She describes her violin as a family member, and her storyteller’s gift as an interpreter has won her artist residencies at the Lucerne and Kissinger Sommer festivals this year. Patricia Kopatchinskaja talks to Toby Deller about sound, vision and changing the world through music
In interviews it is Patricia Kopatchinskaja’s custom to have an electronic dictionary with her. At least, she had one the first time we met, in 2013, but this time, three years later, she frets a little when she realises she has left it behind. It cannot be because her English is uncertain. On the contrary, with or without the device, the Moldovan-born violinist makes herself very clear, speaking thoughtfully, exactly and fluently, even when she is speaking idealistically and fantastically. And it is this combination of care, creativity and individuality, traits that also characterise her violin playing, that suggest we ought probably to take her words as she says them.

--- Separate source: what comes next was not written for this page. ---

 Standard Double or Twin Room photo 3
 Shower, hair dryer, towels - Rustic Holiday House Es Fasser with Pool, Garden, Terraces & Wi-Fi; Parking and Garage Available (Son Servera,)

Perhaps it is because she knows her ideas can be fantastical that she is cautious about being misunderstood or misrepresented and therefore wants to make sure she is using the right words. One thing is sure: for Kopatchinskaja, music is a serious matter. ‘I feel that our planet ticks its last hours,’ she says, ‘and it’s our responsibility as artists to speak about it, to say what we feel. This is why I got the idea for my Dies Irae project: we cannot go on like this for eternity. We have to stop, to protect our planet, to be conscious that we are damaging the planet. We artists have to say it, as loud as possible.’